Fetal death can result from infection between weeks 24 and 27. A bacterial infection typically spreads from your vagina to your uterus. The following infections can develop:
- Haemophilus influenza
- cytomegalovirus (CMV)
- fifth disease
- genital herpes
- Maternal Health
The mother’s condition may play a role in stillbirth. Preeclampsia and chronic high blood pressure are two medical diseases that more frequently develop at the conclusion of the second trimester and the start of the third.
Other conditions include:
- Thyroid disorders
- Birth Abnormalities
About 25% of stillbirths are the result of one or more birth abnormalities. Birth abnormalities are rarely found without a thorough study of the fetus, including an autopsy.

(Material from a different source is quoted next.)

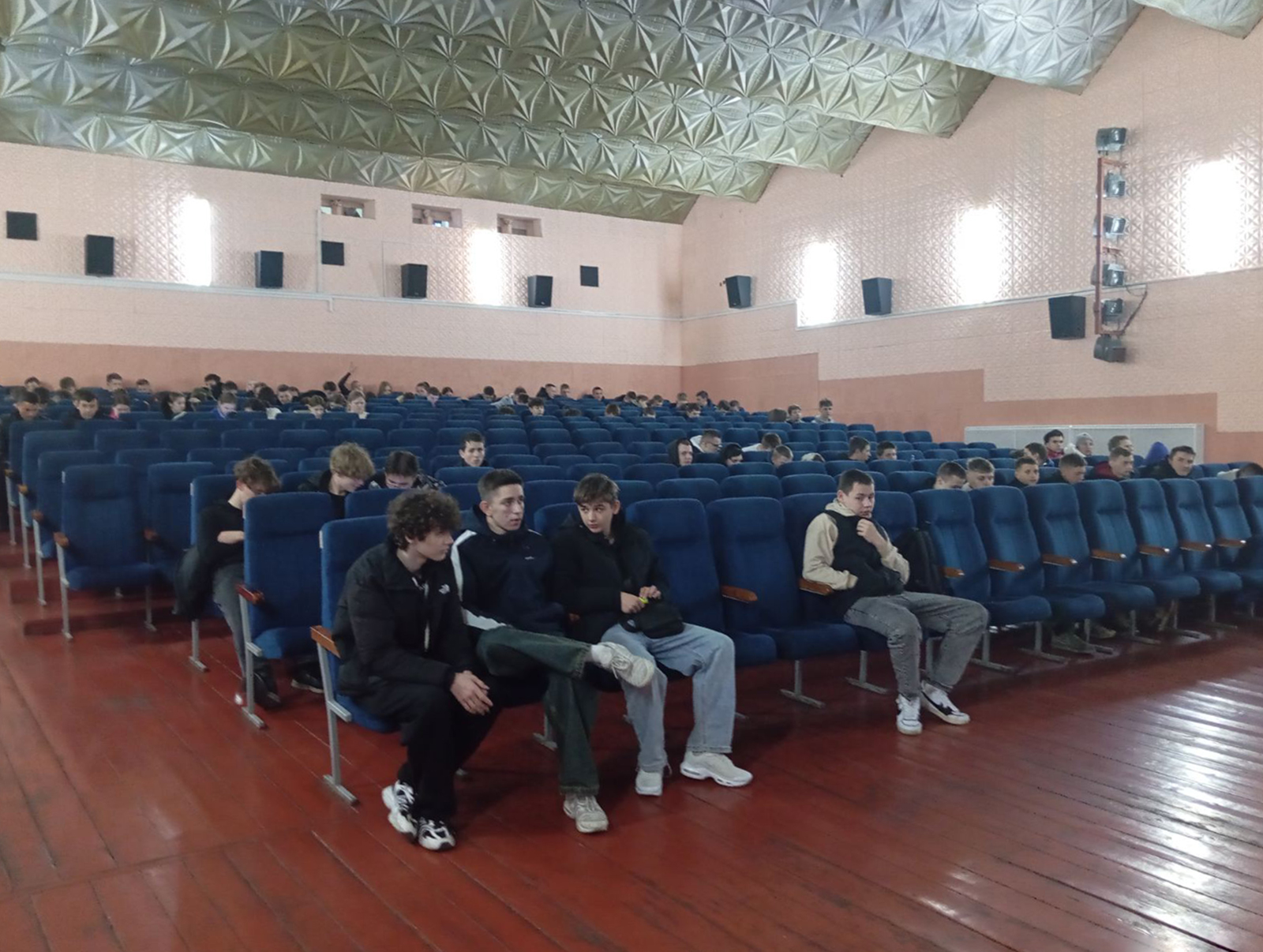 Просмотр документального фильма Наш космос фото 1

Risk factors of stillbirth?
Any pregnant woman, regardless of age, ethnicity, or background, can experience a stillbirth. But there are certain strategies to lessen your risk. A stillbirth is more likely to occur if you:
- Have a health issue, like diabetes or high blood pressure
- Smoke, consume alcohol, or partake in recreational drug use.
- Are obese
- Are older than 35 years old.
- Are underweight.
- Had a stillbirth before
- Had a traumatic or stressful year before giving birth.
- Has no access to prenatal care
What is the difference between Stillbirth and Miscarriage?
We distinguish between miscarriage and stillbirth based on the timing of the loss, even though both are considered pregnancy losses.
- A stillbirth occurs when a fetus is lost after 20 weeks of pregnancy.
- Miscarriage occurs before the 20th week of pregnancy.
What does a stillbirth do?
A stillbirth risk calculator considers these risk factors:
- Age and ethnicity of mother
- Body Mass Index (BMI)– pre-pregnancy weight is needed to calculate BMI.
- Diabetic or hypertensive conditions
- Alcohol and tobacco use during pregnancy
- Auto-immune disease
- Use of ISCI/IVF and prior obstetric history.
It is important to use a stillbirth risk calculator because it is really upsetting to have a stillbirth. When a stillbirth occurs for an unknown cause, the grief may be even more challenging to handle. If you require assistance, contact a mental health professional. Before, throughout, and after your pregnancy, stay in touch with your healthcare providers. Try your best to stay away from risk factors like drinking and smoking. Physical healing could take several months. Even after a stillbirth, a woman can have healthy children. Here we need our article with details about the stillbirth risk calculator and more detail about the pregnancy.